Alec Baldwin heading into court in January 2023
The first day of Alec Baldwin's involuntary manslaughter trial was relatively lackluster, though the prosecution brought forward witnesses as well as discuss the timeline of firearm possession. (Photo Courtesy: Peter Foley/UPI)

On the first day of his involuntary manslaughter trial, Alec Baldwin’s legal team noted that he could have possibly pulled the trigger on the customized Colt .45 on the first day of the trial.


The concession goes against Baldwin’s many claims that he didn’t pull the trigger in the fatal shooting of cinematographer Halyna Hutchins. Baldwin has stuck to this claim since the fatal on-set incident, though prosecutors have been trying to disprove the claim.


With the acknowledgement of Baldwin potentially pulling the trigger, Defense attorney Alex Spiro argued that it would not make Baldwin criminally negligent.


“On a movie set, you’re allowed to pull the trigger,” Spiro said. “Even if he intentionally pulled that trigger…that doesn’t make him guilty of homicide.”


The prosecution intends to spend the trial proving that Baldwin did pull the trigger. During her opening statement, special prosecutor Erlinda Johnson said that many firearms experts will testify that the gun was working properly at the time of the shooting. The prosecution plans on bringing in manufacturer Alessandro Pietta from Italy to speak about quality control measures.


The prosecution also plans to bring in at least one crew member to testify that they saw Baldwin pull the trigger. 


Baldwin’s legal team still plan to argue that it’s possible the gun may have misfired. They will also argue that an FBO examiner needlessly destroyed the gun, making it hard to know if the gun was working normally.


During opening statements, Spiro argued that the customized Colt .45 had a “hair trigger” and that the owner’s manual stated that the gun can accidentally go off if the hammer is dropped on a live primer.


Regarding Baldwin pulling the trigger, Spiro said:


“If he did, of course, that would only make his statement incorrect … That would mean he would have misspoke.”

Spiro said the issue of the trigger is a “shiny object” that distracts from the key issue: the gun would have been harmless had it not been loaded with a real bullet. He also argued that investigators couldn’t find the source of the live bullet, so they tried to prove that Baldwin’s denial was false.


Baldwin’s words may come back to haunt him as he consistently said he didn’t pull the trigger. Due to this, the prosecution can introduce expert evidence showing that it is highly improbable that the gun went off without the trigger being pulled. Had Baldwin said nothing, his words wouldn’t be as damaging.


The first day of the trial included playing the 911 call for the jury, the bodycam video showing the chaos after the shooting, and the cross-examination of various witnesses.

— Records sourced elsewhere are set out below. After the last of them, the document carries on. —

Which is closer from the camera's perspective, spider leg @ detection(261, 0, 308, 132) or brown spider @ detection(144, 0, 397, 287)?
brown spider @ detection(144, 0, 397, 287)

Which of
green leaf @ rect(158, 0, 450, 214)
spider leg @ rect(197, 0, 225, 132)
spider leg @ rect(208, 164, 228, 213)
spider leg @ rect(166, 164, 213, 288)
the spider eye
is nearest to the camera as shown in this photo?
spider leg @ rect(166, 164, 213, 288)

Prosecution called Santa Fe Deputy Nicholas LeFleur to the stand as the first witness of the day. LeFleur, who was working with the sheriff’s department at the time of the shooting, was the first law enforcement officer at the scene following the 911 call.

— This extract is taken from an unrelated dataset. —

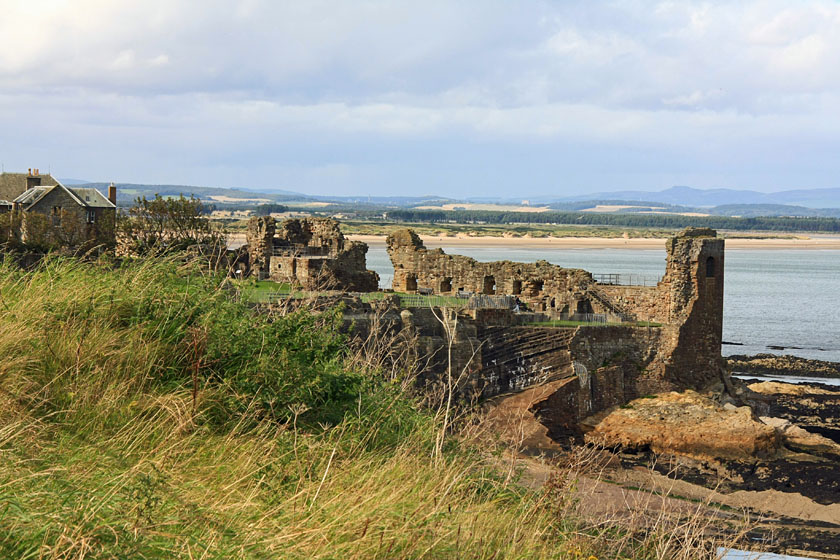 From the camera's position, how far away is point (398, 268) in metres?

He testified that he had concerns with witnesses speaking with one another after the shooting. LeFleur instructed Baldwin to stop speaking with others, and stood next to him as he was detained. The former deputy admits that it wasn’t the best way to separate Baldwin from other witnesses. 

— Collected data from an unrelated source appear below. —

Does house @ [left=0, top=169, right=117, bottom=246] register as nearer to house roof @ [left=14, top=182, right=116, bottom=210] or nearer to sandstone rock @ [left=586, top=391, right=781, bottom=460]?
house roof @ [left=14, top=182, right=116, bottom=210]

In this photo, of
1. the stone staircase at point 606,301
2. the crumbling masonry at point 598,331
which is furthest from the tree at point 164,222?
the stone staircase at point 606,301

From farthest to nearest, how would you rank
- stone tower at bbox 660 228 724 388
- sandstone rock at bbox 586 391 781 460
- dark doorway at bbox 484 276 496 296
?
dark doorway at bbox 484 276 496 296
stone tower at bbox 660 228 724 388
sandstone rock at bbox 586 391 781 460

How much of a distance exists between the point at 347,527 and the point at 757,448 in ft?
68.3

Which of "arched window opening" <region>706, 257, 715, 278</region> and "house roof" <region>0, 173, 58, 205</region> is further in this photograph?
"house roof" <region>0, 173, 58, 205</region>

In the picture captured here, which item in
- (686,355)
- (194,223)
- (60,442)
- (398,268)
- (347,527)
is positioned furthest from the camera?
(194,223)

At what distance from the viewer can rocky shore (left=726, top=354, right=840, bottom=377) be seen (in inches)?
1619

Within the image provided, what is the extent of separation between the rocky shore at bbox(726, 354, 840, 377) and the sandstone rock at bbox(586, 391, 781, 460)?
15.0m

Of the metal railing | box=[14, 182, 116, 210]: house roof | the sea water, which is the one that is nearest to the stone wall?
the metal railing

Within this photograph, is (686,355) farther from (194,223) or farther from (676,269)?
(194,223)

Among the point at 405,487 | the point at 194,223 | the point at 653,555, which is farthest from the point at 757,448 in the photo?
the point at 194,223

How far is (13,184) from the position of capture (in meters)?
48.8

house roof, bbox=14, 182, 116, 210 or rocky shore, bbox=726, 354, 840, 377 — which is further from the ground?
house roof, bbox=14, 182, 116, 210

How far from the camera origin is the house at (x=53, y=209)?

Spiro cross-examined LeFleur, specifically about the former deputy’s self-admitted mistakes. LeFleur told Spiro that he did tell Baldwin to not speak with witnesses, though he did not repeatedly tell Baldwin to not speak to witnesses.


“He wasn’t really disobeying police orders was he, sir?” - Spiro
“To an extent, yes.” - LeFleur

Prosecution would later detail the custody of the gun, speaking to who had the gun at a particular time. They did so by questioning the second witness, Timoteo Benavidez who is a retired lieutenant with the Santa Fe County Sheriff’s Office.


Benavidez said that secured the gun from the armorer and made sure there were no rounds in the revolver before placing it in the front seat of his patrol car. He later took ammunition from the armorer’s cart and placed it in his car.


Baldwin was charged with involuntary manslaughter for his role in the fatal incident. He faces up to 18 months in prison if he is convicted.